Mikael Blomkvist (Daniel Craig) got the ending that Lisbeth Salander (Rooney Mara) deserved in The Girl with the Dragon Tattoo. After years of the government bouncing her around and facing discrimination and violence, she deserved to be happy with Mikael. Instead, like everyone in her life, Mikael left her alone again in the frigid Swedish winter.
It’s heartbreaking every time I watch Lisbeth with the leather jacket for Mikael, only to find he’s gone back to the lover that ruined his marriage. Instead of trying for a fresh start, Mikael goes back to the comfortable, scummy life he lives.
Lisbeth did not deserve this.
The Men of Lisbeth’s World
Every single man in the world of Lisbeth Salander in The Girl with the Dragon Tattoo is a disappointment in some way. Holger Palmgren (Bengt C. W. Carlsson), her original guardian, though kind to Lisbeth, suffered a stroke and could no longer be the guardian that Lisbeth needed. Nils Bjurman (Yorick van Wageningen) was a rapist and a manipulative piece of trash. And Mikael, though kind and somewhat in love with Lisbeth, ended up leaving her in the end for a more conventional woman.
Instead of a new beginning, Lisbeth drowned in the same cycle as before. A man comes into her life, things seem okay, and then he leaves. Mikael really seemed like a change of pace for a while there. He loved spending time with her and he seemed to genuinely appreciate her, even going so far as to give her a $50,000 loan.
Yet, it’s clear in the final scene that what Mikael really enjoyed was the physicality of the relationship. He gave up his marriage for a physical relationship. He cheated on his lover, Erika (Robin Wright), with Lisbeth because he was alone and succumbed to his physical needs. The sexual relationship was truly all he cared about and Lisbeth, blinded by her need for a friend and her love for Mikael, couldn’t see that.
Lisbeth Salander is a feminist icon. She never needed a man in her life, even to the point that she tried to kill her father. From what we know of the men in her life, it was essential for her to get by without a man and she had done well for herself. She had a job, an apartment, food, and she had no problem holding her own against the unsavory people of the dark city.
The one thing she didn’t have was a friend, something her previous guardian, Holger, had been pestering her to find. For a time, Mikael was that to her. Even without the sexual aspects of their relationship, Lisbeth truly enjoyed Mikael’s company. She deserved to be able to cherish that relationship, but Mikael could never let go of his own lifestyle to allow Lisbeth in.
Lisbeth should have been allowed to have that relationship endure in The Girl with the Dragon Tattoo. Instead, it was crushed by Mikael’s selfishness. To Mikael, it was a relationship of convenience. To Lisbeth, their relationship was everything. Everything was ripped away from her and she was left in the same place as before.

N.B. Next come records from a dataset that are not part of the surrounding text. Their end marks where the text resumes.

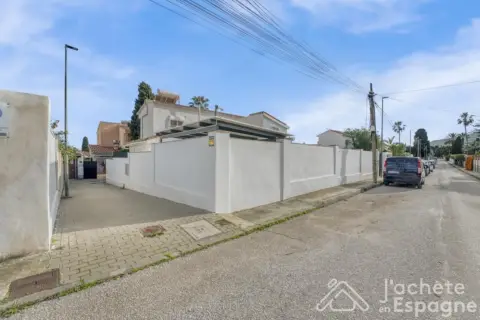Chalet en calle Palacio Valdés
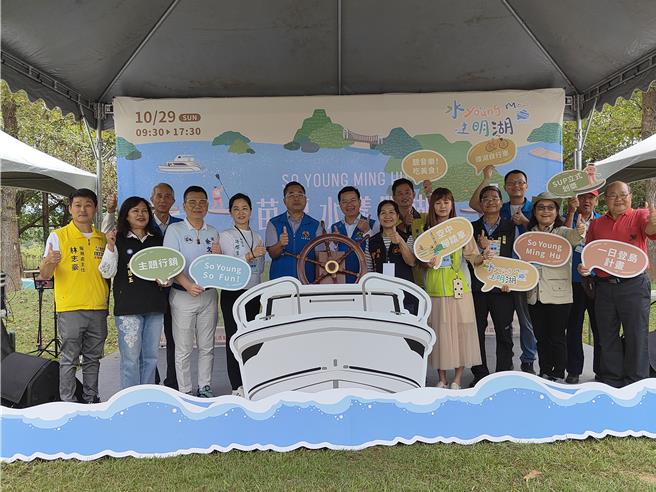 县府秘书长陈斌山等人转动游湖船船舵，象徵着水漾明湖起航前行。（李京升摄）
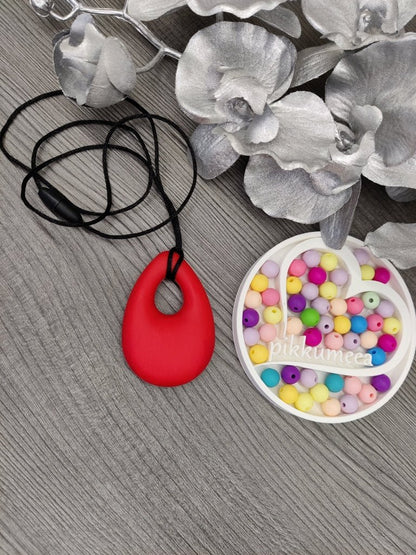 Aistikoru pisara (eri värejä) - pikkumeea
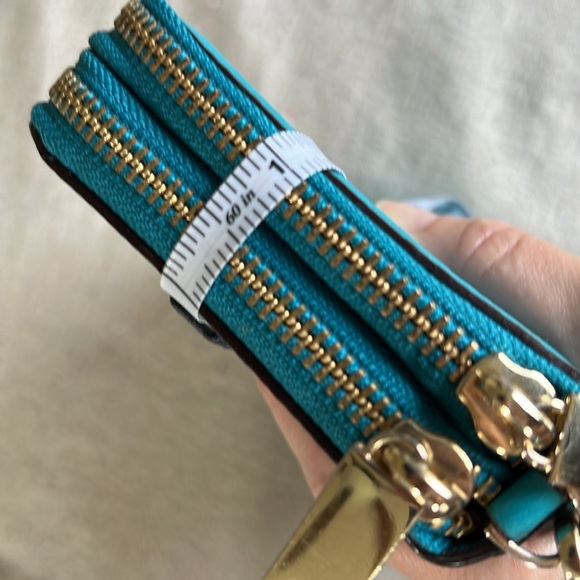 Turquoise kate spade Wristlet - Picture 8 of 8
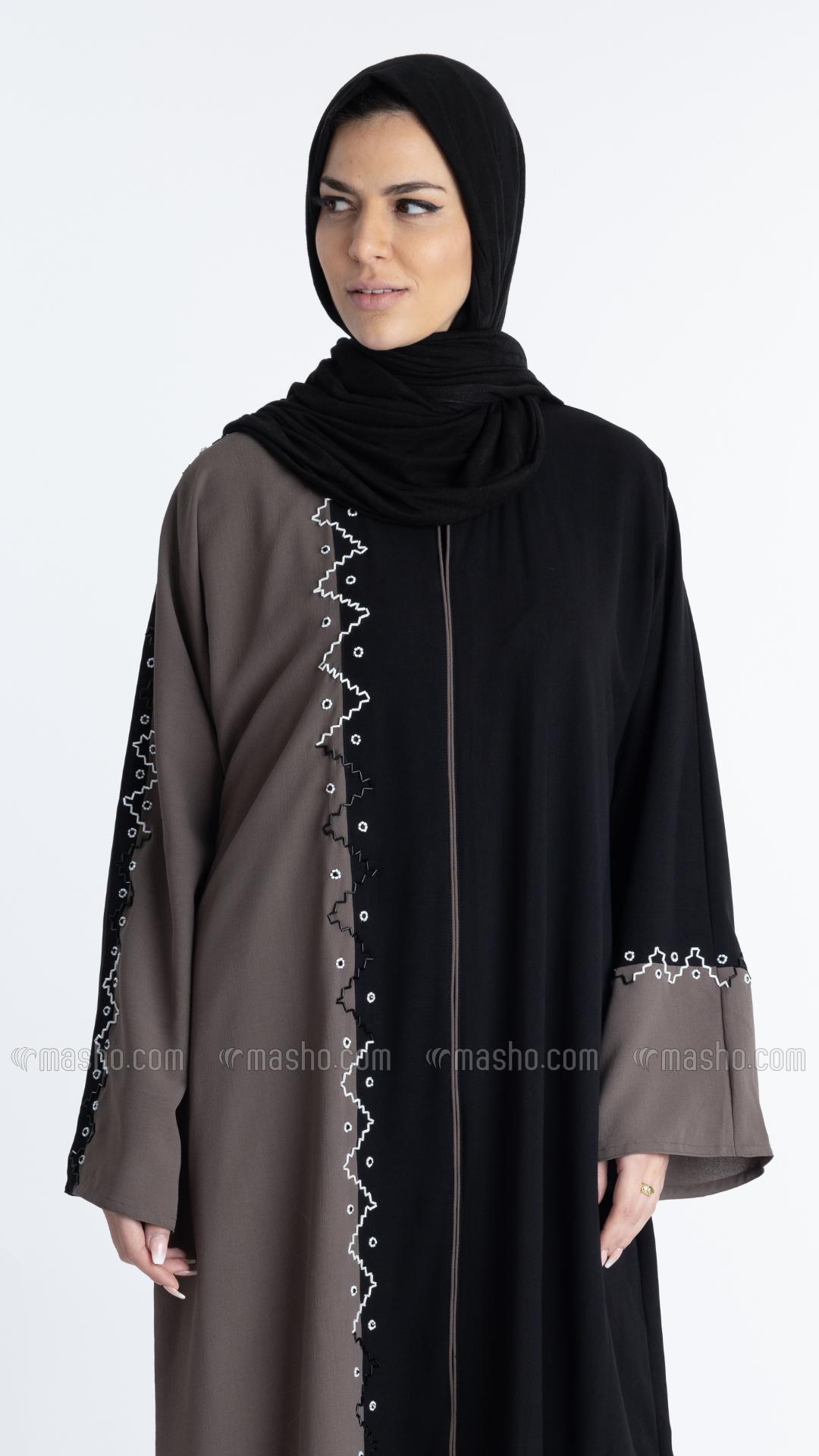 Wholesale Abaya with Handwork on the Front and Sleeves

One of my favorite movie tropes is when the unconventional outcast gets to make a friend and have a happy ending. David Fincher’s The Girl with the Dragon Tattoo spits on that trope. To be fair, the novel the movie is based on spits on that trope, but I digress.

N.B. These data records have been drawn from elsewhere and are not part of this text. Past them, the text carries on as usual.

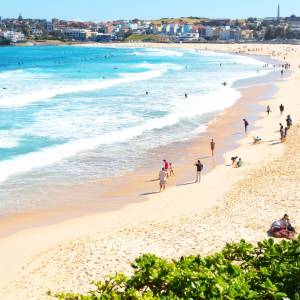 Maseczki wylądowały na plażach Australii. Kontener zgubił mnóstwo towaru
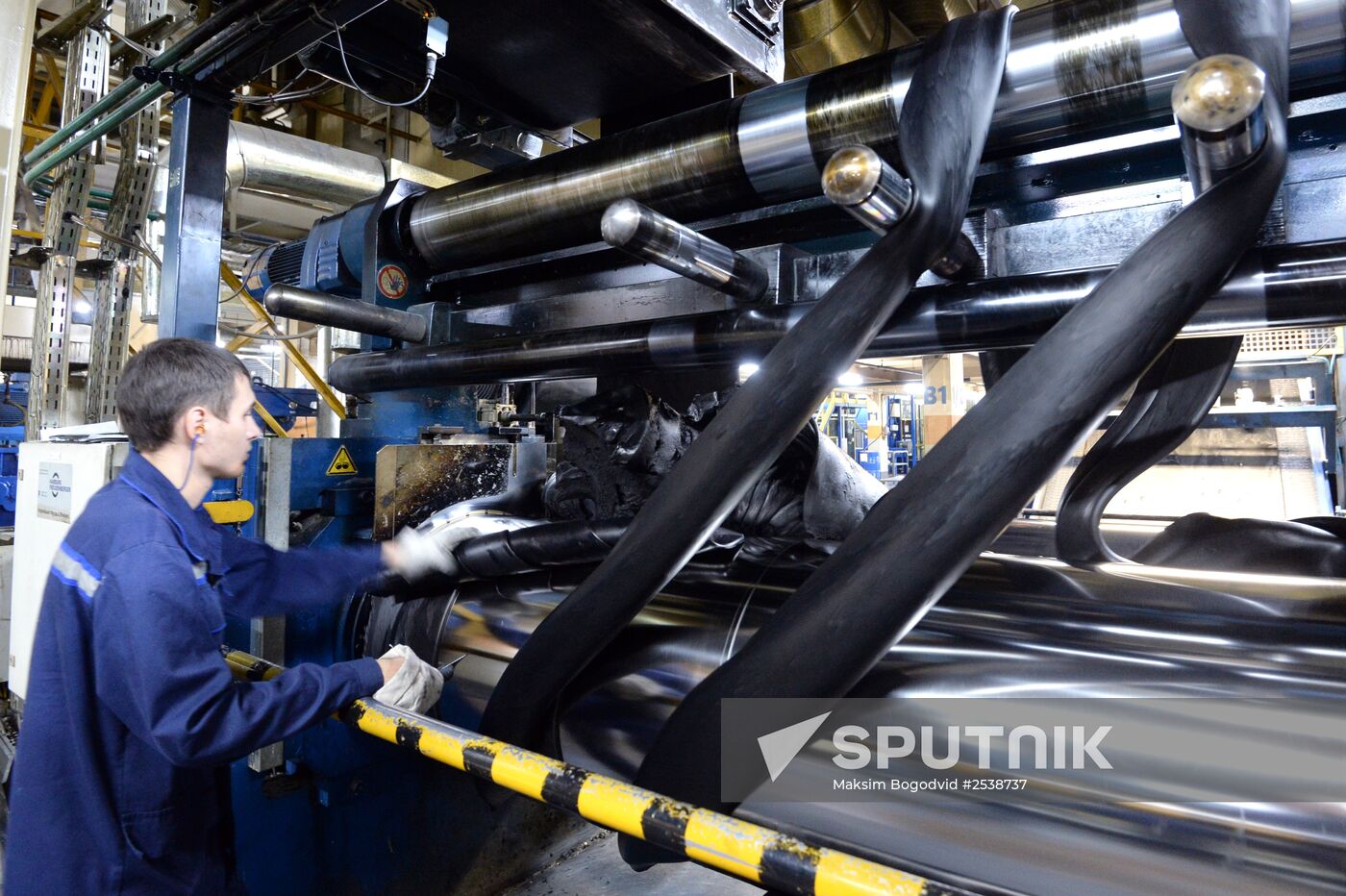 Tire production at Nizhnekamskshina factory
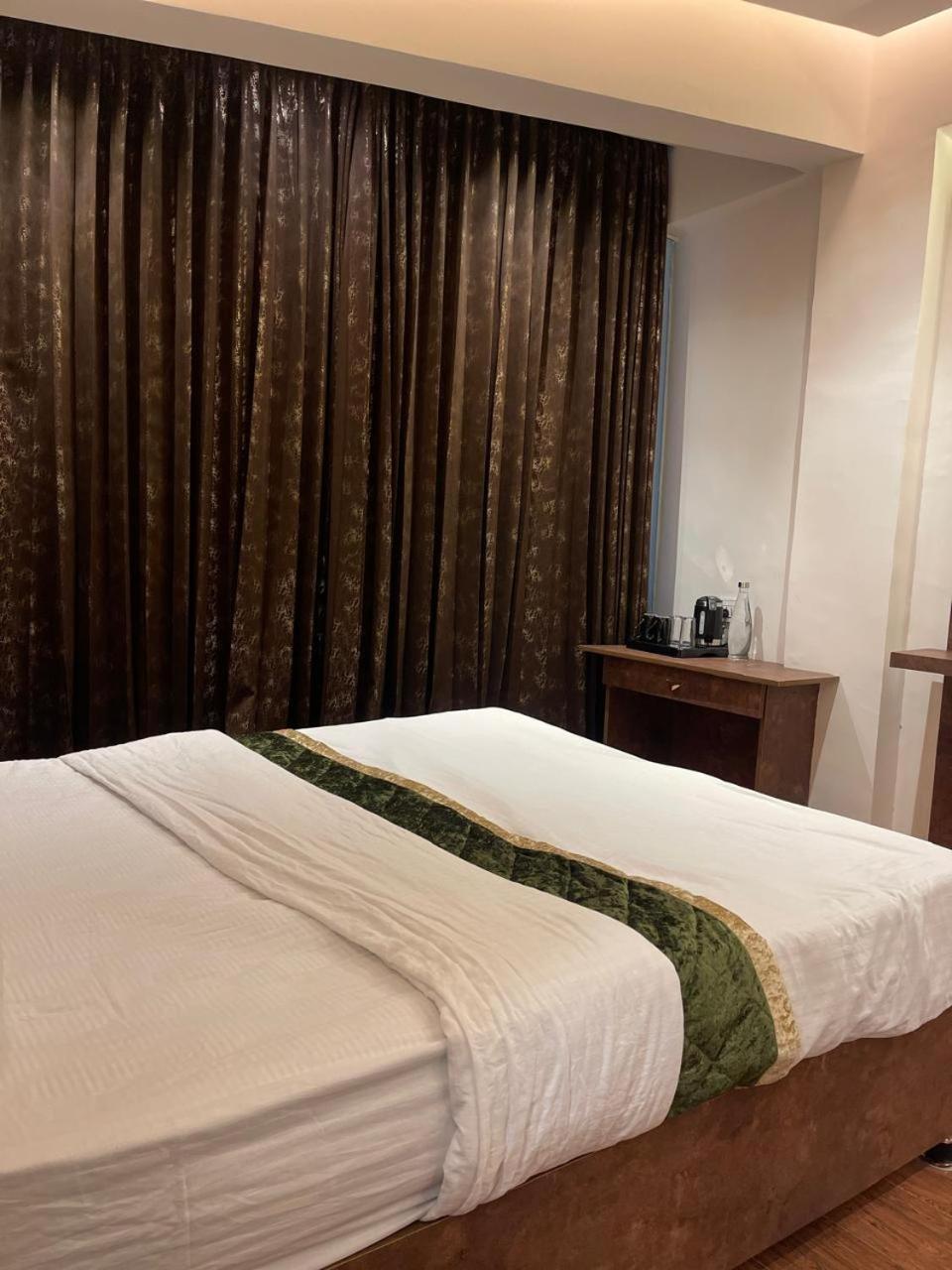 The Taaj Comforts Bangalore Exterior foto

Lisbeth was definitely an odd duck. She wasn’t a conventional sort of beautiful; she wore torn t-shirts with obscene statements, cut her hair short and choppy, and was pierced and tattooed all over her body. Yet, there was a beauty about her, both outside and inside, that showed the world that she was different and she was proud. Like I said, an independent feminist icon.
But, instead of being rewarded for individuality, she was shoved aside once again. She didn’t eventually find love like geeky Peter Parker in any Spider-Man movie. She isn’t eventually accepted like the performers in The Greatest Showman or the sea monsters in Luca. Instead of getting that happy Hollywood ending, she is pushed back to the fringes of society, where she started the film.
Not a Bad Person
While Lisbeth was generally morally gray throughout The Girl with the Dragon Tattoo, there were moments where a compassionate nature peeked out. After tattooing her rapist guardian, Nils, with the phrase “I am a rapist pig,” Lisbeth makes sure to mandate that Nils never brings another girl to his apartment. This shows a level of empathy that may have been harder to identify before then, showing that Lisbeth cares about others and doesn’t want them to suffer the same fate she did.

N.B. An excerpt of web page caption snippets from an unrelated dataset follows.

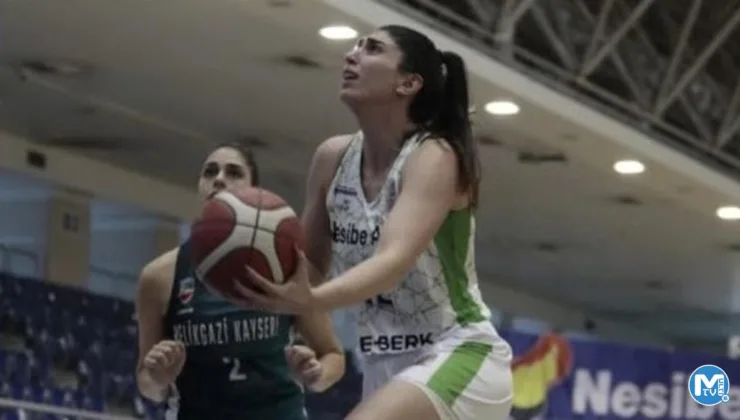 Nesibe Aydın sahasında kazandı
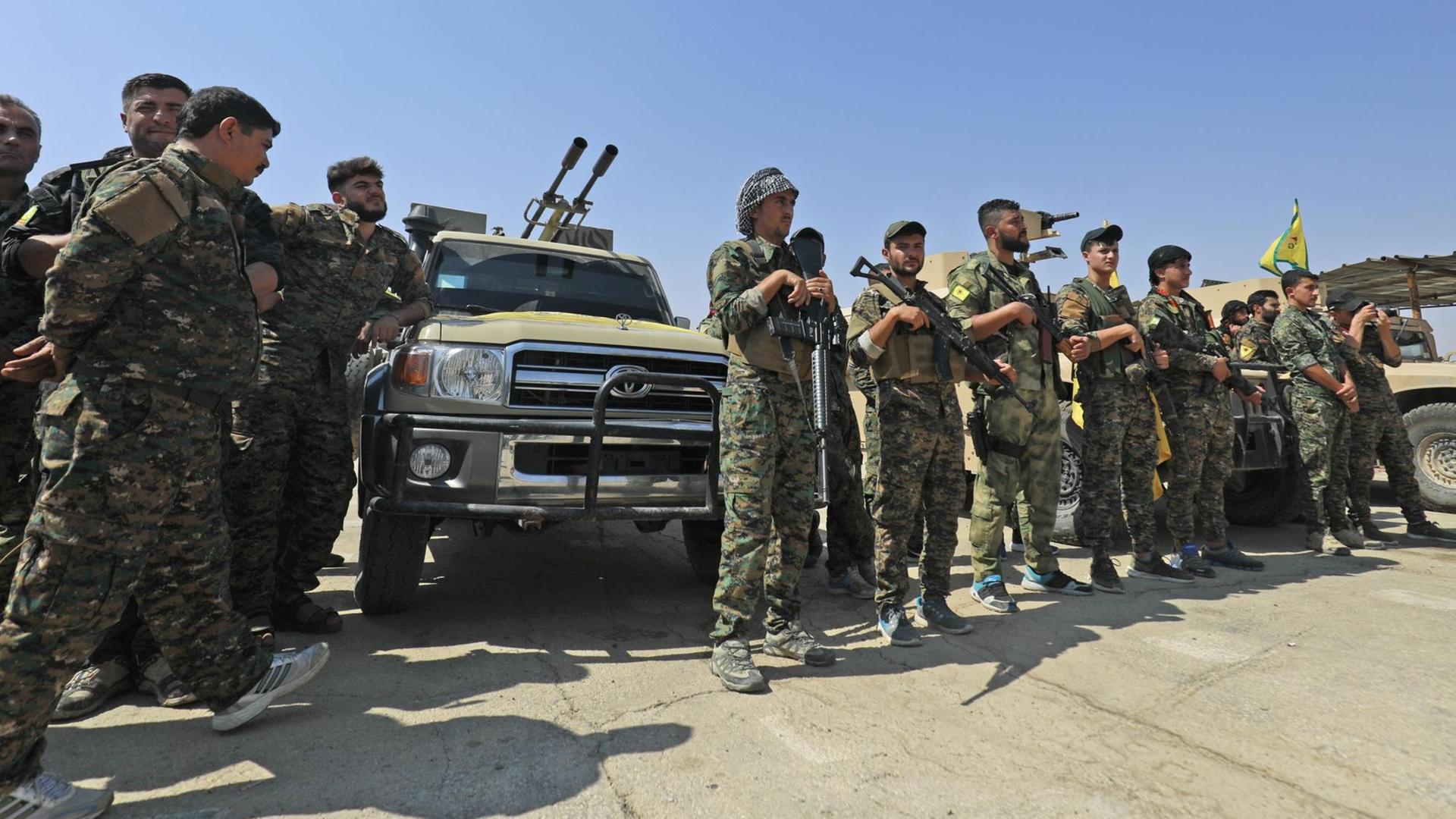 Kämpfer kurdischen Volksverteidigungseinheiten YPG in Syrienstehen in einer Reihe.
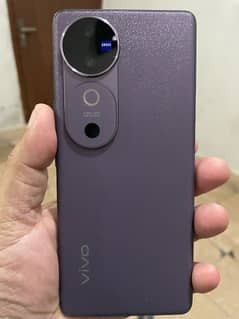 vivo v 40 10/10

She loved Holger as well. Playing chess with him and even taking care of him after he suffered his stroke are actions that only someone with a good heart could do. There was no reason to even visit her old guardian since she had been reassigned to Nils, but she visited him anyway. It’s the love for him that brings Lisbeth back.
Not only that, but she saved Mikael’s life. She didn’t have to risk her own life to journey into the cellar of Martin and rescue Mikael from certain death; she did that because she cared about Mikael. Traveling to the cold northern region of Sweden was quite the sacrifice as well, but she did it to help an old man find peace. The very act of saving someone else’s life should have guaranteed Lisbeth the ending she deserved.
Unfortunately, that’s just not the way things work out sometimes.